It had been a busy few hours for NBA commissioner Adam Silver. Tuesday night he had presented the Golden State Warriors the Larry O'Brien trophy after their series-deciding victory in Cleveland. Wednesday morning he was at The Courts at Mayo Square, the  new 107,000-square-foot Taj Mahal-like practice facility for the Timberwolves and Lynx. The grand opening was attended by Silver, WNBA president Laurel Richie, Wolves and Lynx owner Glen Taylor and Mayo CEO Dr. John Noseworthy.

Afterward, Silver called the facility — which he said was the most impressive he had seen — a catalyst for better things to come for a Wolves franchise that hasn’t seen the playoffs since 2004, but is set to pick first in next week’s draft.

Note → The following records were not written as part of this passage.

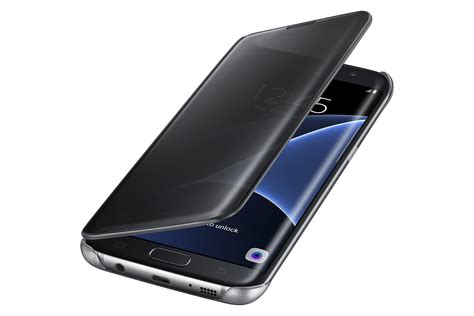 Amazon.com: Samsung Galaxy S7 edge Case S-View Clear Flip Cover - Black: Cell Phones & Accessories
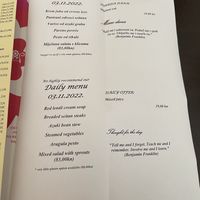 Daily menu  at Vegehop in Zagreb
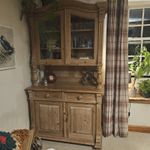 Solid Antique Pine Dresser Glass Lockable Cupboards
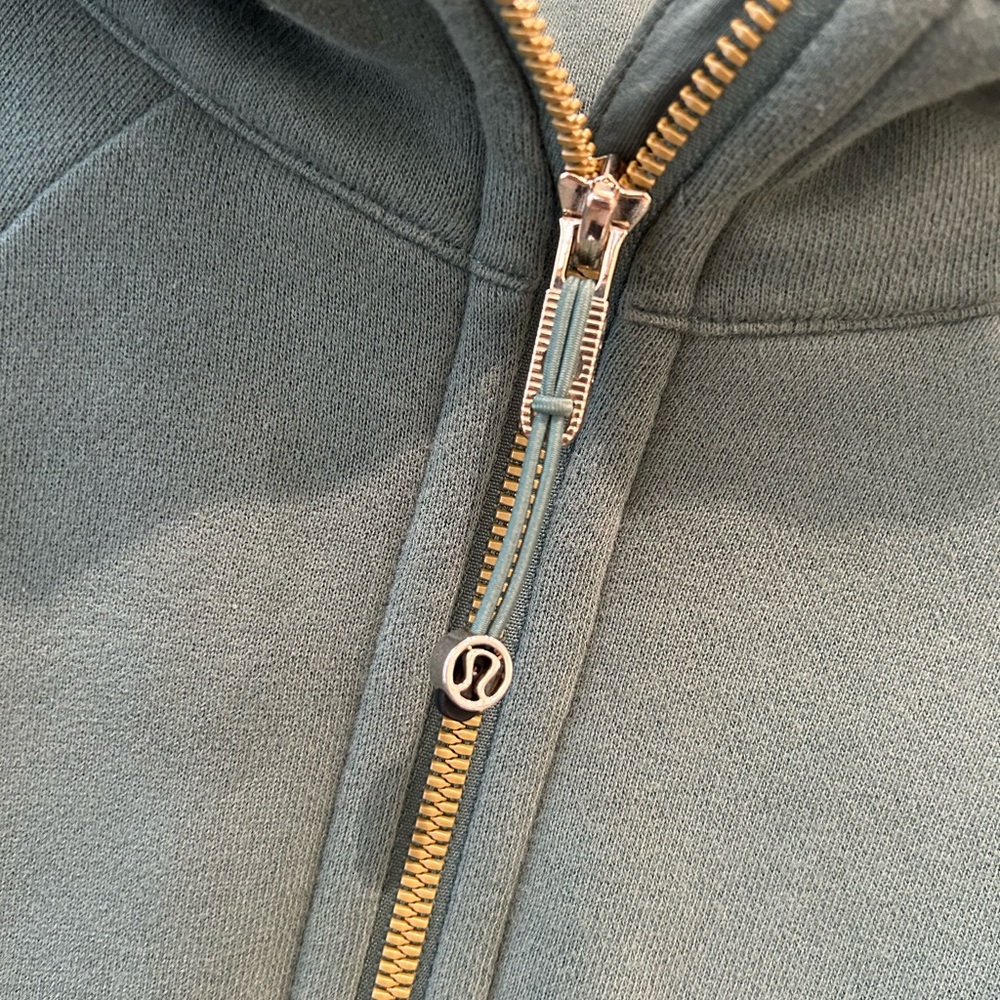 Scuba Hoodie - Sage Green with beautiful Gold zipper!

“No doubt it’s a catalyst,” he said. “Of course you need the players. So they have a strong roster already,” Silver said, “which is going to be complemented by the first pick. But, part and parcel with modern sports, you need facilities like these.”

To Silver, the facility is the “icing on the cake” for the Wolves. “I think, no doubt, the best years are ahead for this franchise.”

Here is what Silver had to say on other league — and Wolves-related topics:

• On the possibility of the Wolves getting an All-Star game once Target Center is renovated: “They haven’t applied yet, but I’d love to come back here,” he said. “Early on in my career I was here for an All-Star Game [in 1994] and I’ve love to come back here.” To which Flip Saunders, Wolves president of basketball operations, pledged to make that application as soon as Target Center was done. But he also wondered aloud whether the new Vikings stadium wouldn’t be an ideal place to hold it.

• On the state of facilities in the NBA: “In some ways, it’s a bit of an arms race, but what I think our franchises are seeing is that, in this day and age, it’s absolutely necessary to have a state-of-the-art arena along with a state-of-the-art practice facility.”

Silver also said he is intrigued with the team’s affiliation with the Mayo Clinic.

• On Kevin Garnett perhaps someday getting into Wolves ownership: “Of course he can’t discuss that while he’s still a player. … But I think now we’re about to approve an Atlanta Hawks ownership group that includes Grant Hill. We have David Robinson in San Antonio. And you have Michael Jordan as the majority owner of the Charlotte Hornets. We love to see former players coming into ownership, and I would welcome, with open arms, Kevin Garnett becoming an owner one day as well.’’

• On Taylor, who considered selling the Wolves not long ago: “He ultimately decided, in discussion with me and others, that his true passion was these teams. He loved being involved in them, and I know he’d love to see championship success, not just as he’s had with the Lynx, but with the Timberwolves as well.”

• On the state of the game, Silver reiterated his belief that keeping players healthy is so important that he is looking at ways — including adjusting the schedule — to make it easier on players.

He said, again, that he’d like to see the minimum age in the league raised from 19 to 20, and that would be on the agenda when negotiations for a new collective bargaining agreement began. And when will that be? The NBA Players association has indicated it will opt out of the current deal after the 2016-17 season. Silver said that, given that reality, he hoped talks would begin soon.